» **Task details**: Line by line, transcribe the data shown below.

Web page caption snippets
:::

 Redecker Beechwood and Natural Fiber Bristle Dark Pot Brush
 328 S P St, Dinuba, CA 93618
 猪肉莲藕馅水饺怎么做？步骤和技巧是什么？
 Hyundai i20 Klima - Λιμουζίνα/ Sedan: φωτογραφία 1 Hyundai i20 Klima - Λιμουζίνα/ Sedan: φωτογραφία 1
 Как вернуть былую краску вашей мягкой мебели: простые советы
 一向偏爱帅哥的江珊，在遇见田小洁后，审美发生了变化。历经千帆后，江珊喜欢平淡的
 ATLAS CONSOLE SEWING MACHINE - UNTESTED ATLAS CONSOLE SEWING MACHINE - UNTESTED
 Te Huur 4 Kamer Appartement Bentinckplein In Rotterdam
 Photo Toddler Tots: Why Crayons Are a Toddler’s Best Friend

:::

» **Response to this task**:
 Redecker Beechwood and Natural Fiber Bristle Dark Pot Brush
 328 S P St, Dinuba, CA 93618
 猪肉莲藕馅水饺怎么做？步骤和技巧是什么？
 Hyundai i20 Klima - Λιμουζίνα/ Sedan: φωτογραφία 1 Hyundai i20 Klima - Λιμουζίνα/ Sedan: φωτογραφία 1
 Как вернуть былую краску вашей мягкой мебели: простые советы
 一向偏爱帅哥的江珊，在遇见田小洁后，审美发生了变化。历经千帆后，江珊喜欢平淡的
 ATLAS CONSOLE SEWING MACHINE - UNTESTED ATLAS CONSOLE SEWING MACHINE - UNTESTED
 Te Huur 4 Kamer Appartement Bentinckplein In Rotterdam
 Photo Toddler Tots: Why Crayons Are a Toddler’s Best Friend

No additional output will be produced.